• _Exercise goal_: Only the lines from the one containing "10'x12' Gazebo Hardtop" through the final line below belong in the output, copied exactly and without pictures.

• _Dataset section_:
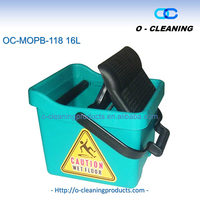 Ember Pel Lantai Plastik Persegi O-Cleaning Commercial 16L, Ember Peras dengan Pedal, Wadah Air Portabel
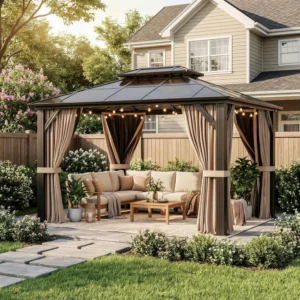 10'x12' Gazebo Hardtop Gazebo, Aluminum Pergola with Double Galvanized Steel Roof, Permanent Outdoor Metal Canopy with, Custom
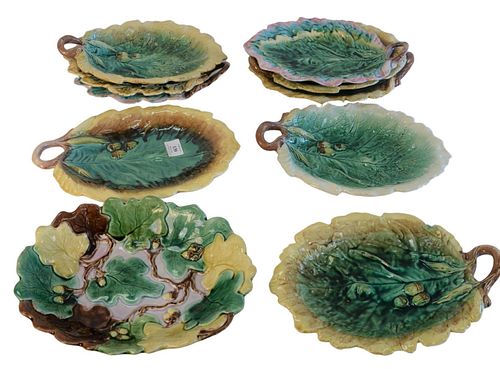 Ten Majolica Leaf Shaped Dishes, with acorn forms, (breaks and repairs/as is), length 12 inches.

• _Task answer_:
 10'x12' Gazebo Hardtop Gazebo, Aluminum Pergola with Double Galvanized Steel Roof, Permanent Outdoor Metal Canopy with, Custom
 Ten Majolica Leaf Shaped Dishes, with acorn forms, (breaks and repairs/as is), length 12 inches.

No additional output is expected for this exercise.